» **Your goal**
Print the lines below from the line with "2020 CHEVROLET SILVERADO - 1GC4YUEY2LF222606" to the line with "Hyundai Sonata D" exactly, keeping both ends, and print no pictures.

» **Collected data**
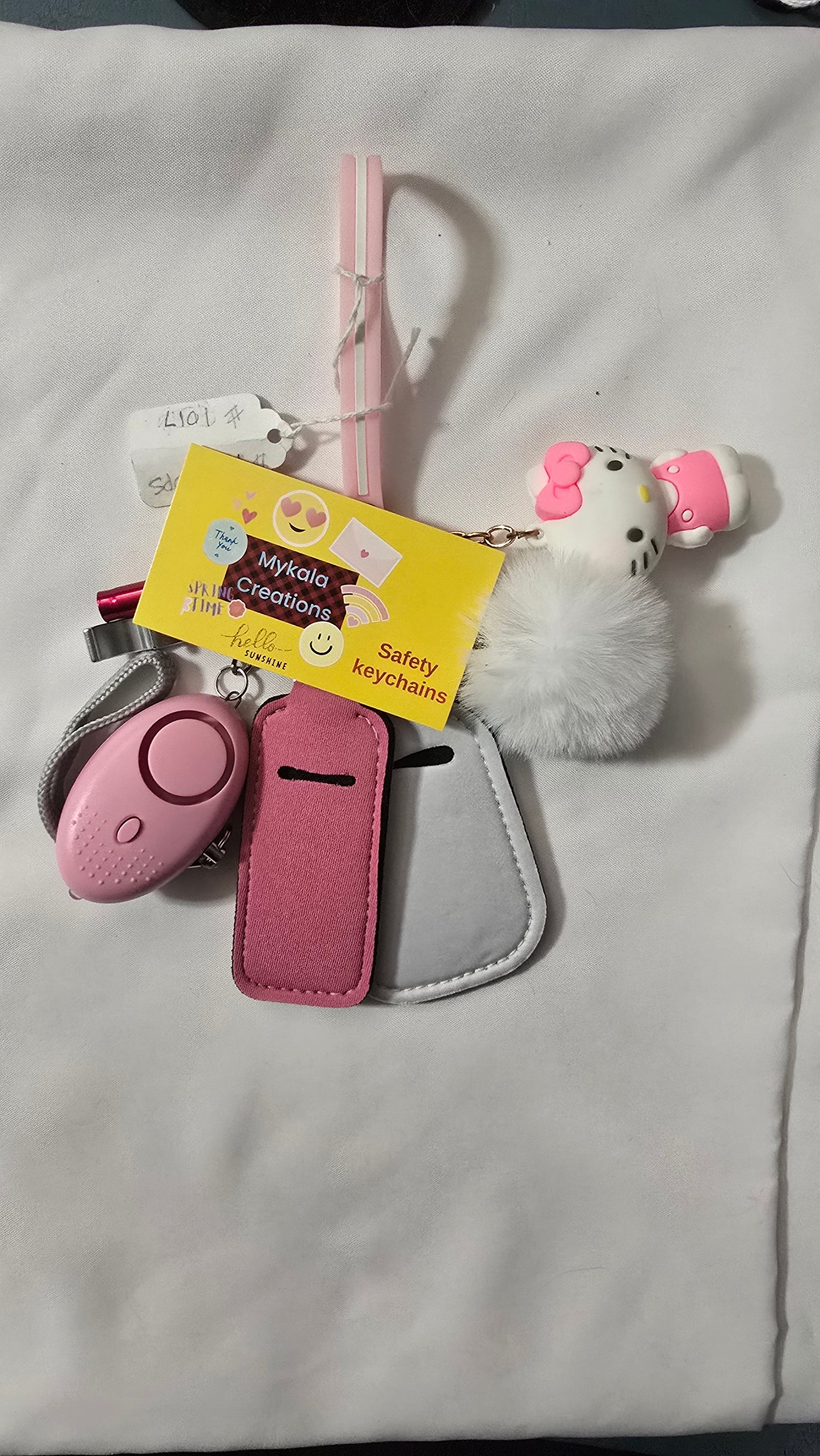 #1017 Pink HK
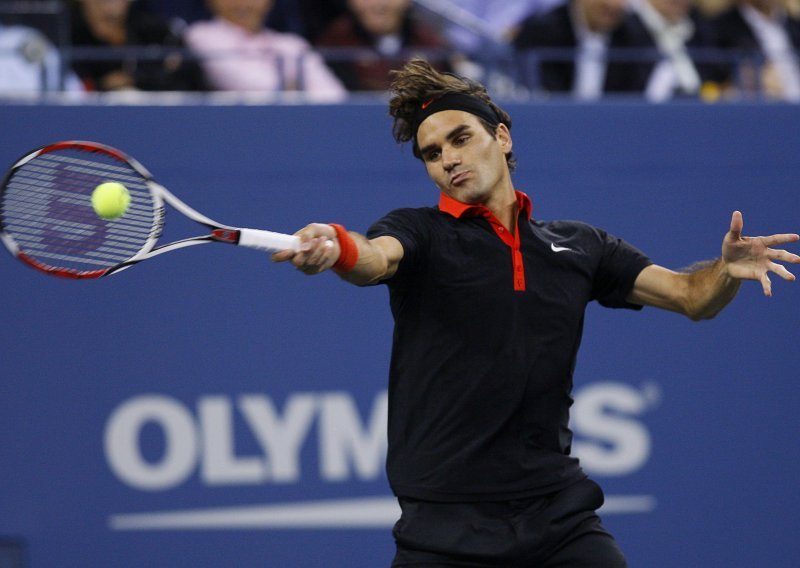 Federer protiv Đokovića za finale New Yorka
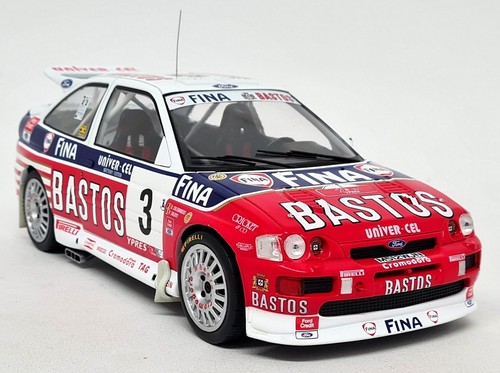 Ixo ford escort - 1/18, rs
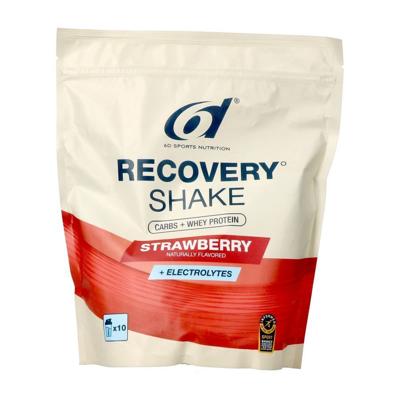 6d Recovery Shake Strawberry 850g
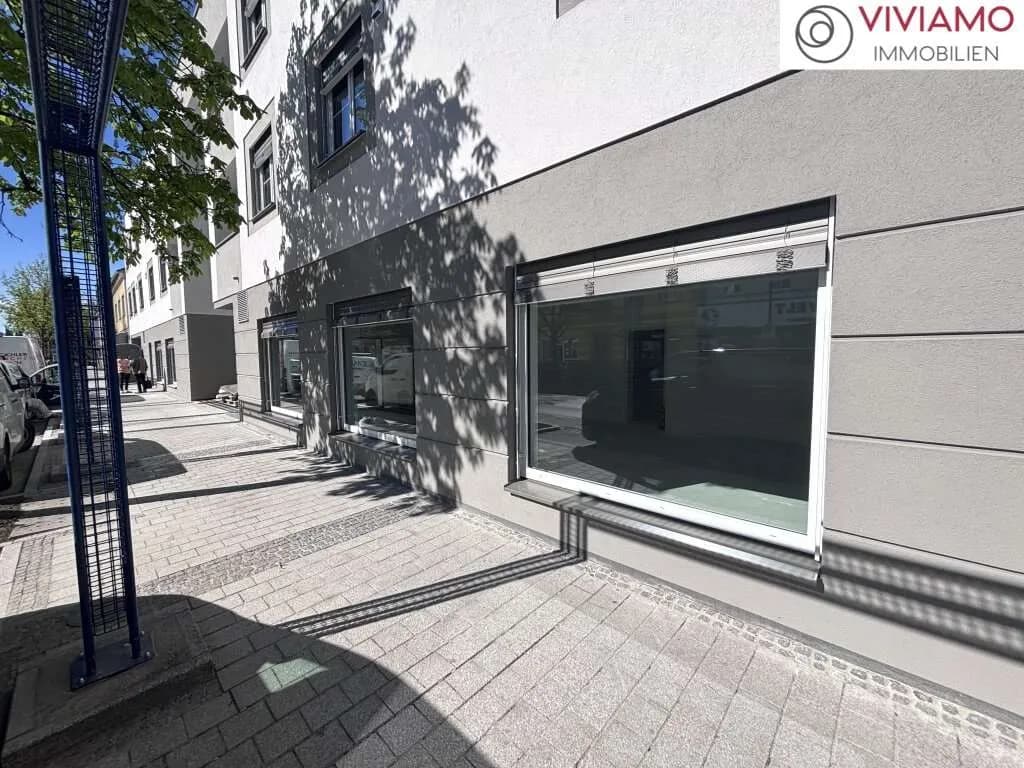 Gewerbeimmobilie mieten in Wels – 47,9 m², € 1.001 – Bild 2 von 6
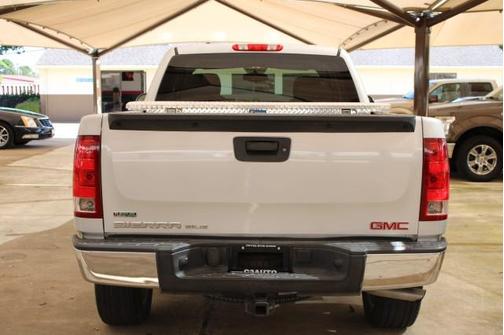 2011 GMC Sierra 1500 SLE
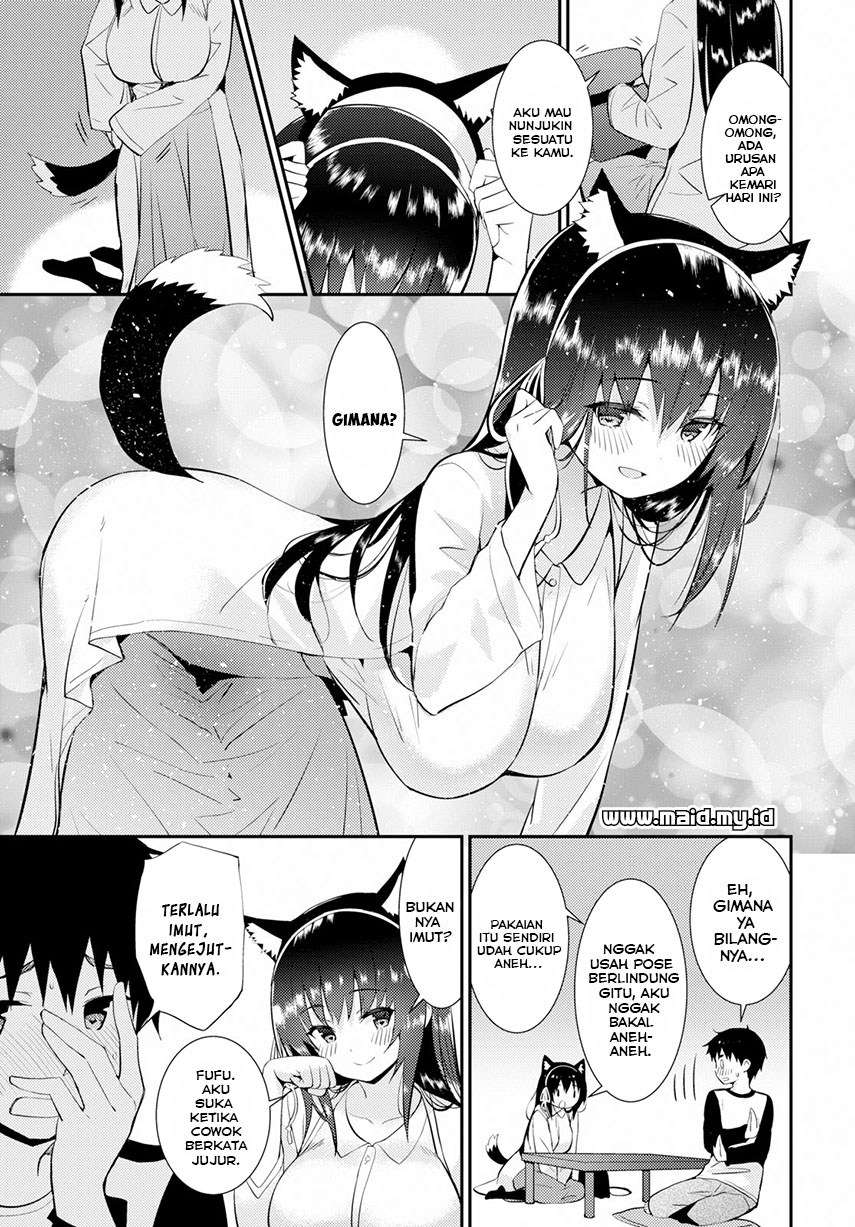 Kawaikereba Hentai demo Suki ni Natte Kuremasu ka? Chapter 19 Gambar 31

==

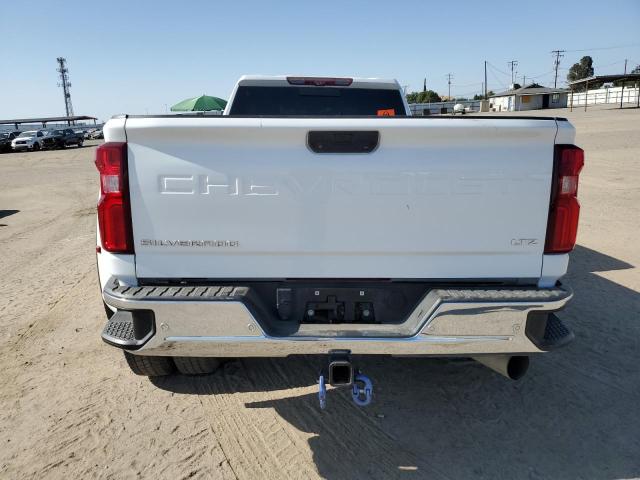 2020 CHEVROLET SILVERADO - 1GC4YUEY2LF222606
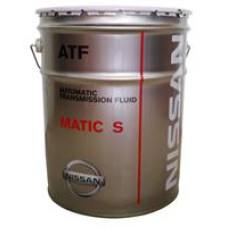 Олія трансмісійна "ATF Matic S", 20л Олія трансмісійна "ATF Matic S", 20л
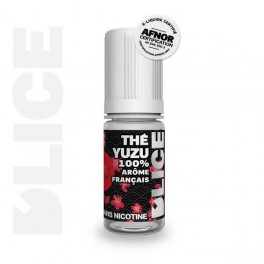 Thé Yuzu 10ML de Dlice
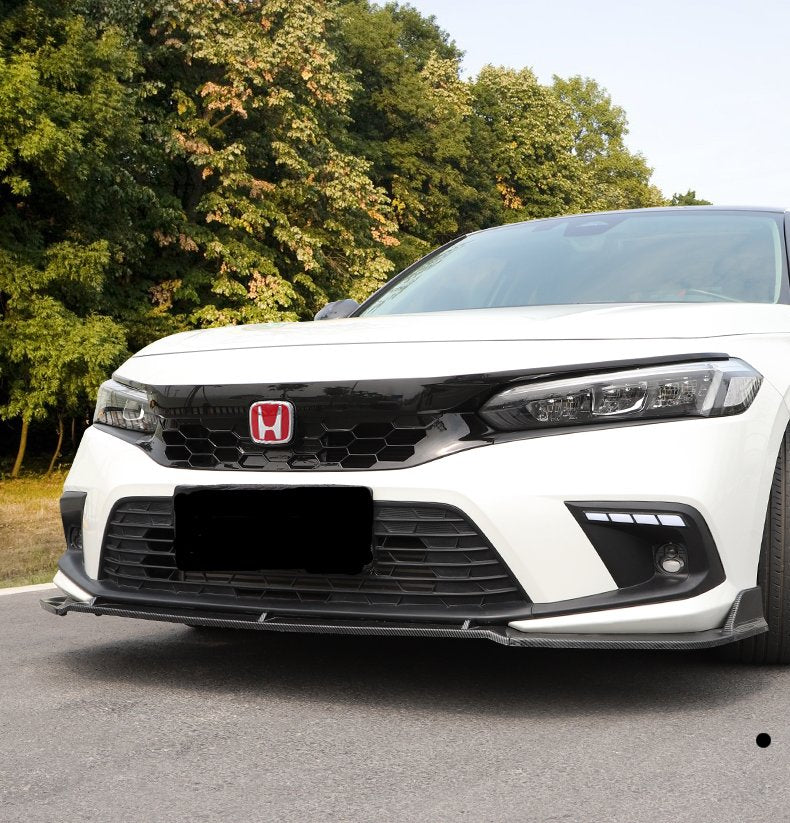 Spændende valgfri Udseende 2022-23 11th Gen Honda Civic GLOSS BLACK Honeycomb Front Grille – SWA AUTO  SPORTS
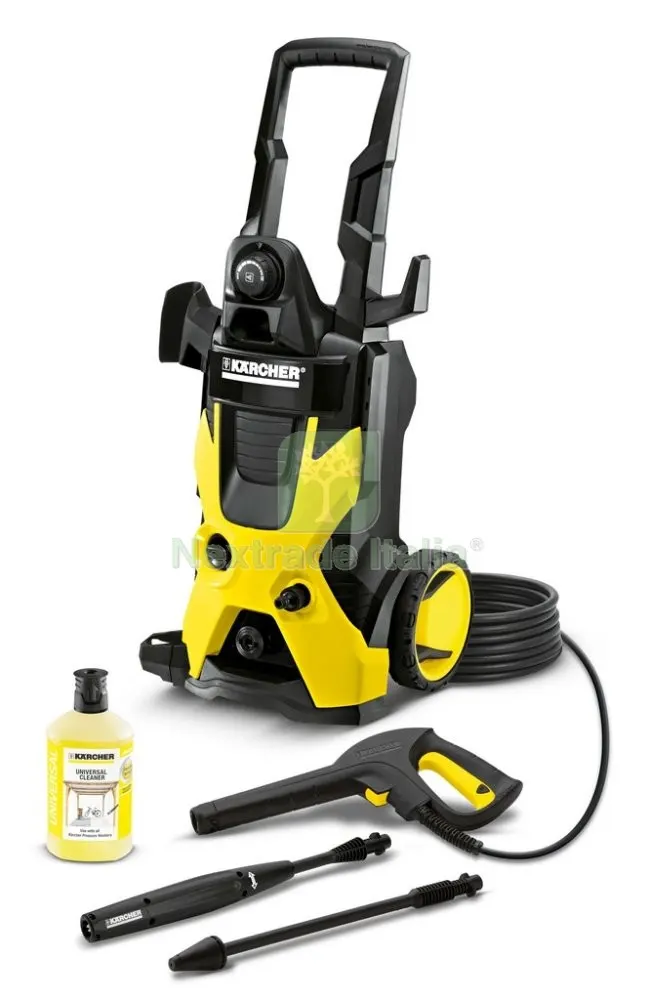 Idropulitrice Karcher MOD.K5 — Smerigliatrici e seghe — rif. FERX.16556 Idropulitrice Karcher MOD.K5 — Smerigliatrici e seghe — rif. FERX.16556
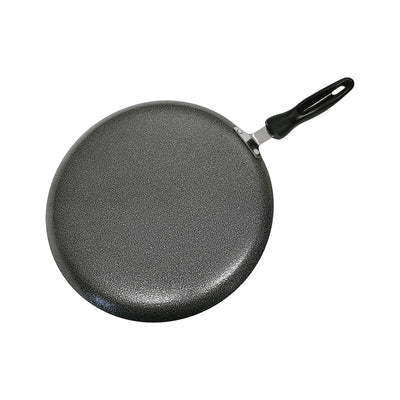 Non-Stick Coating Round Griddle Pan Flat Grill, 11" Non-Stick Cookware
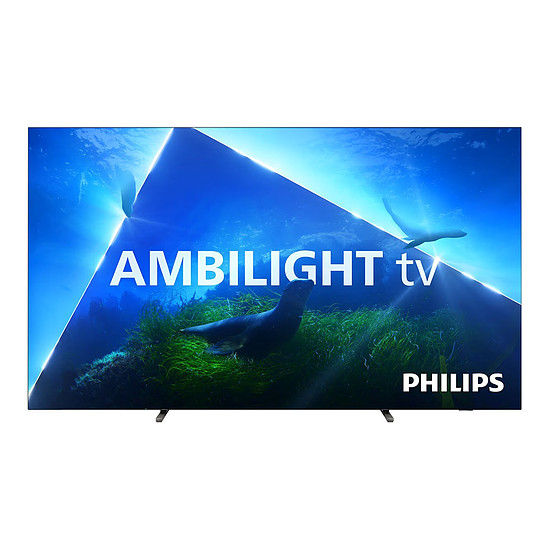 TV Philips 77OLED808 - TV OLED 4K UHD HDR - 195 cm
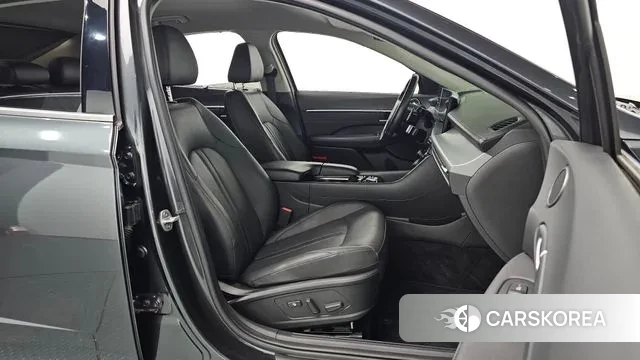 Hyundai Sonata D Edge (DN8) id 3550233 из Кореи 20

» **Response below**
 2020 CHEVROLET SILVERADO - 1GC4YUEY2LF222606
 Олія трансмісійна "ATF Matic S", 20л Олія трансмісійна "ATF Matic S", 20л
 Thé Yuzu 10ML de Dlice
 Spændende valgfri Udseende 2022-23 11th Gen Honda Civic GLOSS BLACK Honeycomb Front Grille – SWA AUTO  SPORTS
 Idropulitrice Karcher MOD.K5 — Smerigliatrici e seghe — rif. FERX.16556 Idropulitrice Karcher MOD.K5 — Smerigliatrici e seghe — rif. FERX.16556
 Non-Stick Coating Round Griddle Pan Flat Grill, 11" Non-Stick Cookware
 TV Philips 77OLED808 - TV OLED 4K UHD HDR - 195 cm
 Hyundai Sonata D Edge (DN8) id 3550233 из Кореи 20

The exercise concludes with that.